Interested in more Adversarial Machine Learning? See my post Attack Surfaces in RAG on vulnerabilities in modern RAG and agentic systems.

DeepFool

The DeepFool algorithm searches for an adversary with the smallest possible perturbation. The algorithm imagines the classifier’s decision space being divided by linear hyperplane boundaries that divide the decision to select different classes. It then tries to shift the image’s decision space location directly towards the closest decision boundary. However, the decision boundaries are often non-linear, so the algorithm completes the perturbation iteratively until it passes a decision boundary.

According to the authors this method generates very subtle perturbations in contrast to the coarse approximations of the optimal perturbation vectors generates by FGSM.

Figure 1 shows the concept behind DeepFool for a linear, binary classifier.

Figure 1: DeepFool for a linear, binary classifier. From Moosavi-Dezfooli et al. DeepFool: A Simple and Accurate Method to Fool Deep Neural Networks (2016).

For an image \(X\) we get the minimum distance \(r_{min}\) to the decision boundary \(F\) by:

\begin{equation} \tag{4.1} r_{i}(X_{i}) = - \frac{F(X_{i})}{|| w ||_{2} } w \end{equation}

The algorithms uses equation 4.1 to generate an optimal perturbation \(r_{opt}\) in the following steps:

Initialize the sample \(X_{0}\) with the clean image \(X\).
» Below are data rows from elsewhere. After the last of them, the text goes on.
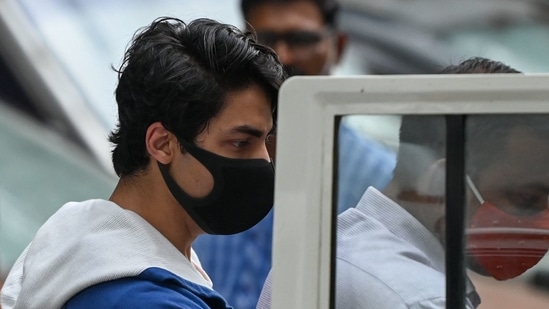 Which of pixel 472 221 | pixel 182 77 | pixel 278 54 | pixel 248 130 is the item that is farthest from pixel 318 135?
pixel 278 54

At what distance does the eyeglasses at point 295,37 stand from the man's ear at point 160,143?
1649 millimetres

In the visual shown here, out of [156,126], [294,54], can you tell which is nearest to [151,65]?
[156,126]

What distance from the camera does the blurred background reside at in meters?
6.78

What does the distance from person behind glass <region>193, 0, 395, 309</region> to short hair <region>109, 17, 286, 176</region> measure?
281mm

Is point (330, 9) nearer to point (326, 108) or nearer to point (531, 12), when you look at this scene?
point (326, 108)

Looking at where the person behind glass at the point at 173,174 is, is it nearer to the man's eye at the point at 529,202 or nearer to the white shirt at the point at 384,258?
the white shirt at the point at 384,258

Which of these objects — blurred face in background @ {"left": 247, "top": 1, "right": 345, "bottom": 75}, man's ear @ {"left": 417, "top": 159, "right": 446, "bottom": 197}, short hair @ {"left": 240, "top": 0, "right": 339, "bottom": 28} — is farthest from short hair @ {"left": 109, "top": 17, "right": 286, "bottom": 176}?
short hair @ {"left": 240, "top": 0, "right": 339, "bottom": 28}

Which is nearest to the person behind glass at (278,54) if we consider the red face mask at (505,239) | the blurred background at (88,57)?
the red face mask at (505,239)

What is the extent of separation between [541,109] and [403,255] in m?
0.30

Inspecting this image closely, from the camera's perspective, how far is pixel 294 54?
3754 mm

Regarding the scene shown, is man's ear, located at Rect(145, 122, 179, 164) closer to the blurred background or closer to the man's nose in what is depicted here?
the man's nose

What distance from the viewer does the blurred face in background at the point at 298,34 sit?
12.3 feet

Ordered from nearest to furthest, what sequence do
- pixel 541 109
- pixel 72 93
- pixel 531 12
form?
1. pixel 541 109
2. pixel 72 93
3. pixel 531 12

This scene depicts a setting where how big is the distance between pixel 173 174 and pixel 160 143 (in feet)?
0.21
While \(sign( f(X_{i}) ) = sign( f(X_{0}) )\):

Compute \(r_{i}\) with equation (4.1) and update

\begin{equation} \tag{4.2} X_{i+1} = X_{i} + r_{i} \end{equation}

Result: \(r_{opt}\)

For multi-class classifier the steps above can be generalized. For details see the original paper.

We use the Python implementation which is available from the authors and copy it to the modules folder.